** Dataset excerpt **
* * *
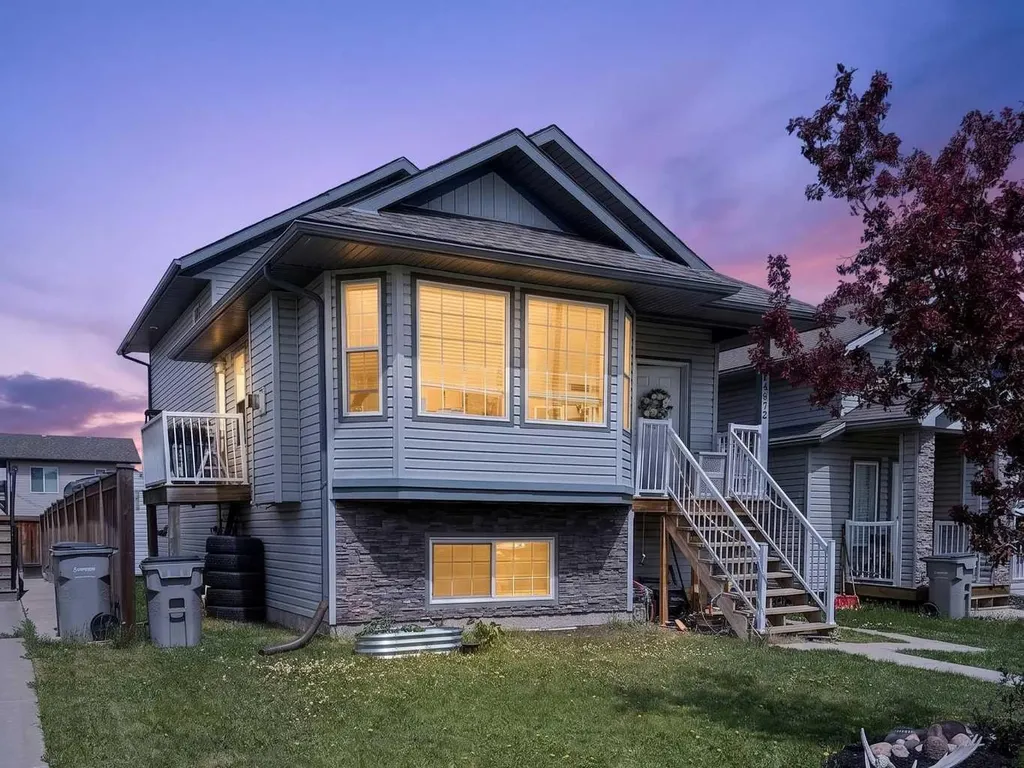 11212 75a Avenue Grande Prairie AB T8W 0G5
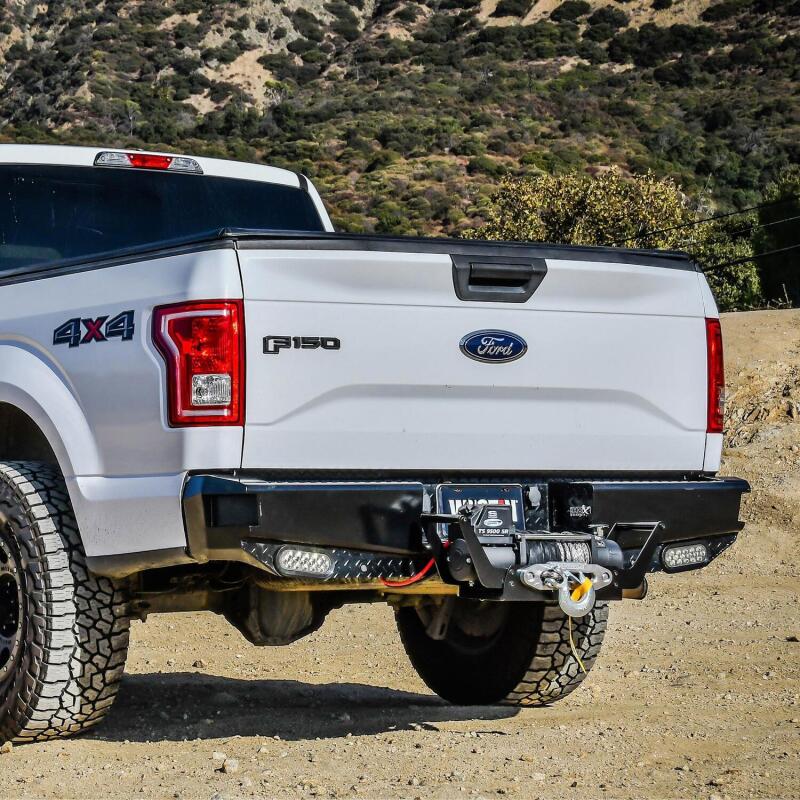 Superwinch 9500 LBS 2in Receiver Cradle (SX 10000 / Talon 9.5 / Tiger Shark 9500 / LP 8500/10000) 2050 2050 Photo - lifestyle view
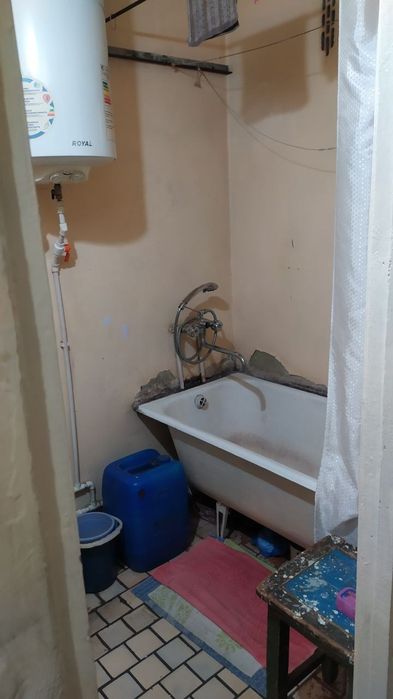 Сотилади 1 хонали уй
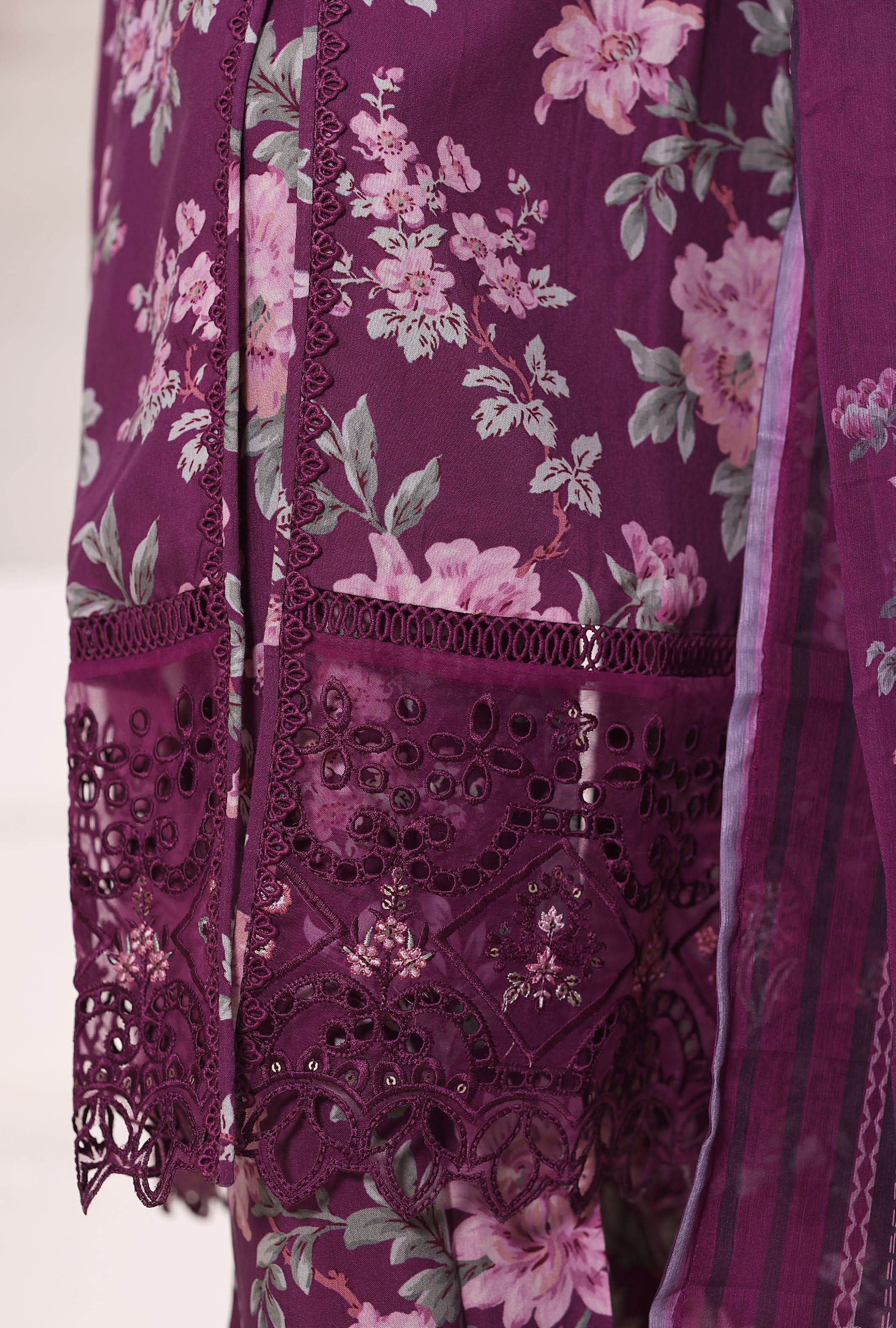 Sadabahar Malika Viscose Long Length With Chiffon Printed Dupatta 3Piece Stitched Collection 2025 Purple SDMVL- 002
* * *
** Problem statement **
Begin with the line that contains "Superwinch 9500 LBS" and copy every line through the end of the listing, exactly as written, both ends included. Pictures are not part of the copy.

** Answer to this problem **
 Superwinch 9500 LBS 2in Receiver Cradle (SX 10000 / Talon 9.5 / Tiger Shark 9500 / LP 8500/10000) 2050 2050 Photo - lifestyle view
 Сотилади 1 хонали уй
 Sadabahar Malika Viscose Long Length With Chiffon Printed Dupatta 3Piece Stitched Collection 2025 Purple SDMVL- 002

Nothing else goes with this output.